Talk Title: DProvDB: Differentially Private Query Processing with Multi-Analyst Provenance
Abstract: Recent years have witnessed the adoption of differential privacy (DP) in practical database systems like PINQ, FLEX, and PrivateSQL. Such systems allow data analysts to query sensitive data while providing a rigorous and provable privacy guarantee. However, the existing design of these systems does not distinguish data analysts of different privilege levels or trust levels. This design can have an unfair apportion of the privacy budget among the data analyst if treating them as a single entity, or waste the privacy budget if considering them as non-colluding parties and answering their queries independently. In this paper, we propose DProvDB, a fine-grained privacy provenance framework for the multi-analyst scenario that tracks the privacy loss to each single data analyst. Under this framework, when given a fixed privacy budget, we build algorithms that maximize the number of queries that could be answered accurately and apportion the privacy budget according to the privilege levels of the data analysts.

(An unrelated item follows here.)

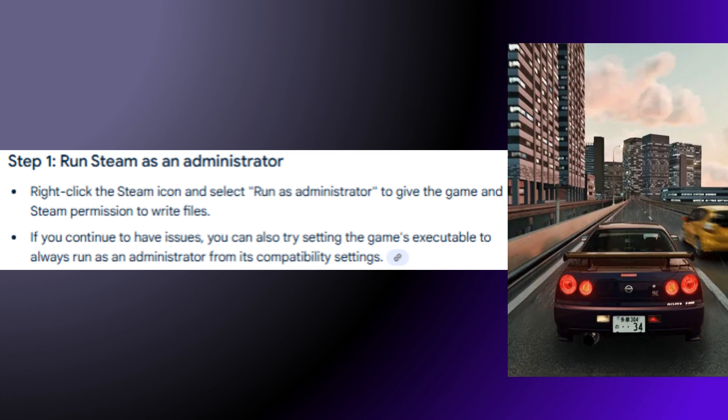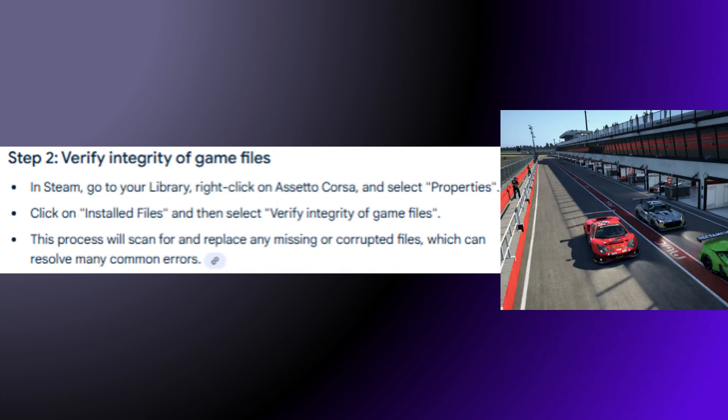Step 1: Run Steam as Administrator. Right-click the Steam icon and select Run as Administrator to give the game and Steam permission to write files. If you continue to have issues, you can also try setting the game's executable to always run as an administrator from its compatibility settings.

Bio: Chudi Zhong is a Ph.D. candidate in computer science at Duke University, advised by Cynthia Rudin. Her research focuses on developing interpretable machine learning algorithms and pipelines to facilitate human-model interaction for high-stakes decision-making problems. Her work has been published in top-tier conferences (NeurIPS/ICML) and was selected as a finalist for the INFORMS Data Mining Best Student Paper Award. She won 2nd place in the 2023 Bell Labs Prize. Prior to her Ph.D., Chudi earned her bachelor’s degree in Statistics from UNC-Chapel Hill and a master’s degree in Statistics from Duke.

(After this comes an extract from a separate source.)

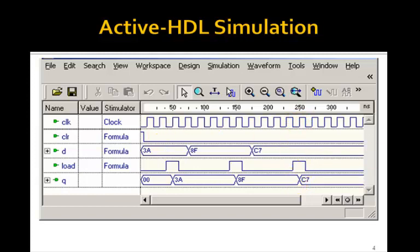So this simulation shows that this 8-bit register, in fact, works. And you can use this n-bit register anytime you need a register of any size.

Talk Title: Towards Trustworthy AI: Interpretable Machine Learning Algorithms that Produce All Good Models
Abstract: Machine learning has been increasingly deployed for high-stakes decisions that deeply impact people’s lives. However, not all models can be trusted. To ensure the safe and efficient utilization of machine learning models in the decision-making process, we change both model training and evaluation steps within the standard machine learning pipeline. In this talk, I will introduce our new paradigm, which shifts from finding a single optimal model to enumerating all good interpretable models. This paradigm allows users an unprecedented level of control over model choice among all models that are approximately equally good. I will present algorithms used to find the set of all good models, discuss how this set enables practitioners to explore alternative models that might have desirable properties beyond what could be expressed within a loss function, and show applications.